03 April 2014 17:26 [Source: ICIS news]
DUBAI (ICIS)--Saudi Arabian Mining Company (Ma’aden) has secured $2bn in financing from state-owned Public Investment Fund (PIF) for its planned phosphate project in the north of the kingdom, the company said on Thursday.
“Ma’aden announces that PIF has approved today $2bn to fund part of Waad Al Shamal Phosphate Company,” it said in a bourse filing.
“The loan will be for a period of 17 years and will be repaid in half yearly instalments with a 5 year grace period,” the company added, without giving further details.
The Waad al-Shamal project will involve total investment of around $9bn for a phosphate mine, several major processing facilities, smaller downstream factories and a residential area.
In December, Ma’aden said it had received initial approval of Saudi riyal (SR) 15.75bn ($4.2bn) from banks and financial institutions to fund the project.
In the same month Ma’aden had also awarded three contracts worth a combined SR8.46bn to Canadian and Asian companies to build phosphate mining and production.
Canada's SNC Lavalin and China's Sinopec Engineering Group have won a SR2.86bn contract to build a power plant and a sulphuric acid plant which has a production capacity of 4.9m tonnes/year.
South Korea's Hanwha Engineering & Construction Co won a contract to build a phosphoric acid plant worth SR3.5bn.
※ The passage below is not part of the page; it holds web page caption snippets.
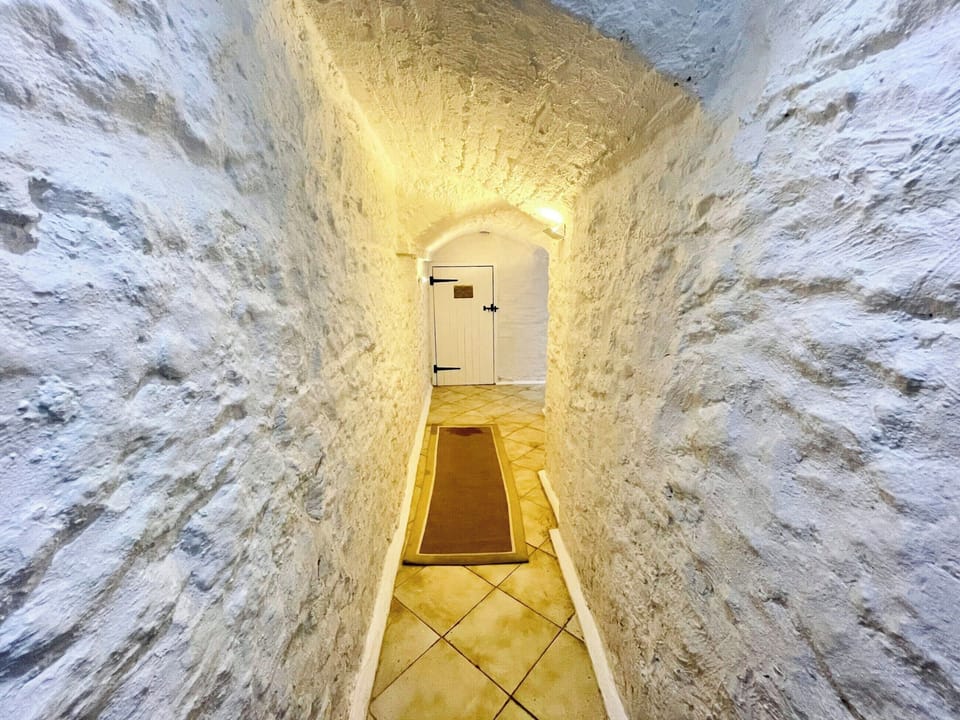 Hallway | South Parade Mansions, Bristol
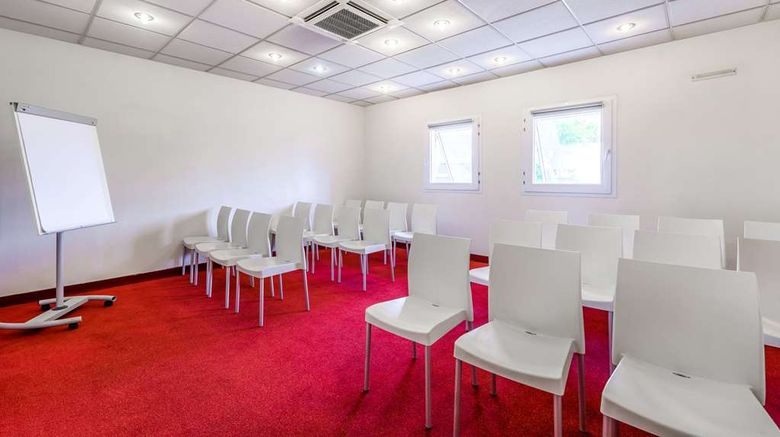 <b>Comfort Hotel Paris Porte d'Ivry Meeting</b>. Images powered by <a href="https://iceportal.shijigroup.com/" title="IcePortal" target="_blank">IcePortal</a>.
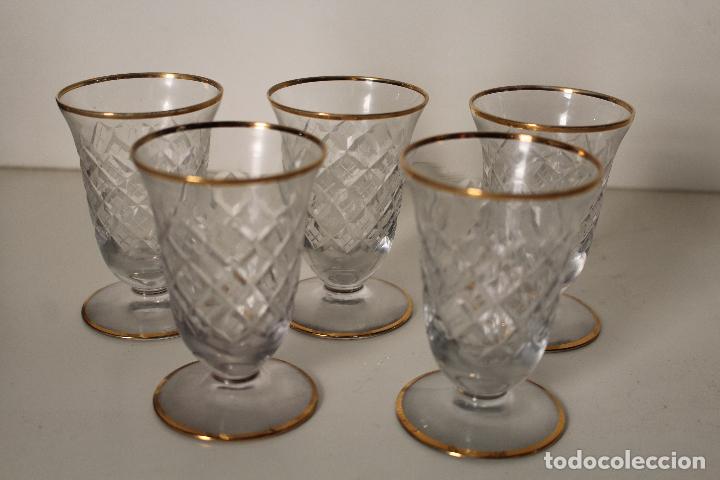 Antig&uuml;edades: 5 Vasos de licor antiguos de cristal transparente con bordes ba&ntilde;ados en oro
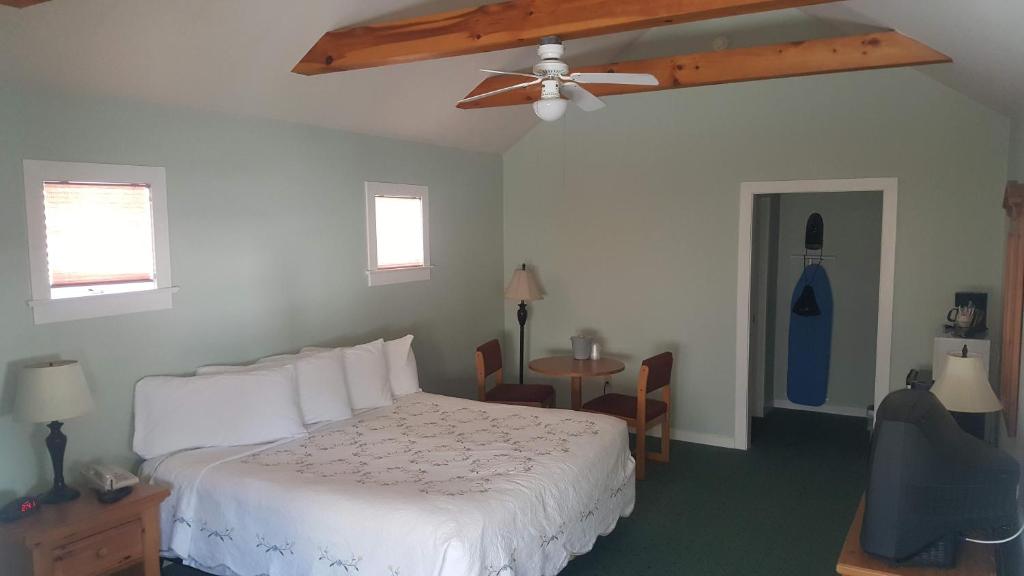 Spruce Lane Lodge and Cottages photo 4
The plant will have a production capacity of 1.5m tonnes/year.
China Huanqiu Contracting & Engineering Corp Co won a contract to build an ore beneficiation plant worth SR2.08bn with a production capacity of 5.3m tonnes/year.
The project in Waad al-Shimal City is a joint venture between Ma’aden, Saudi Basic Industries Corp (Sabic) and Mosaic. Ma’aden owns 60%, Mosaic 25% and SABIC 15% in the project.